▶ _REQUIRED WORK_:
Print each line below verbatim, skipping every picture.
═══ INFORMATION SHOWN ═══
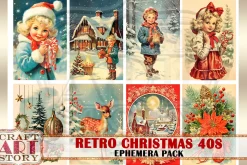 Retro Christmas Ephemera Pack,1940s
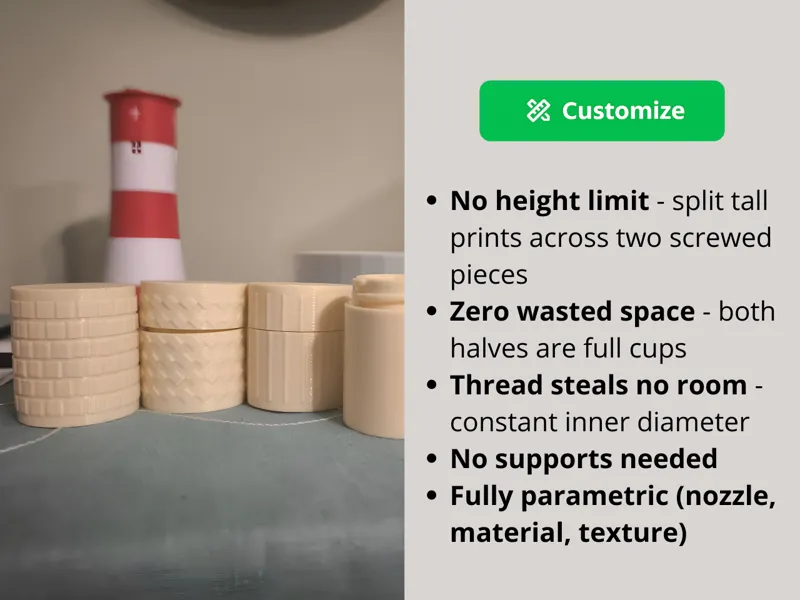 Parametric Round Container (No Height Limit)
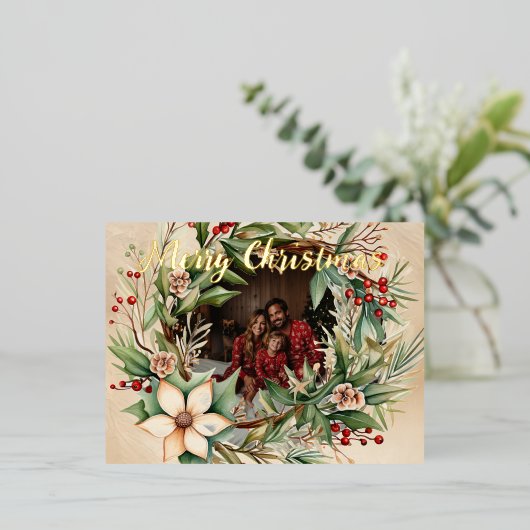 Gepersonaliseerde foto Waterverf Kerstkrans Folie Feestdagen Briefkaart (Staand Voorkant)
═══
▶ _EXERCISE RESULT_:
 Retro Christmas Ephemera Pack,1940s
 Parametric Round Container (No Height Limit)
 Gepersonaliseerde foto Waterverf Kerstkrans Folie Feestdagen Briefkaart (Staand Voorkant)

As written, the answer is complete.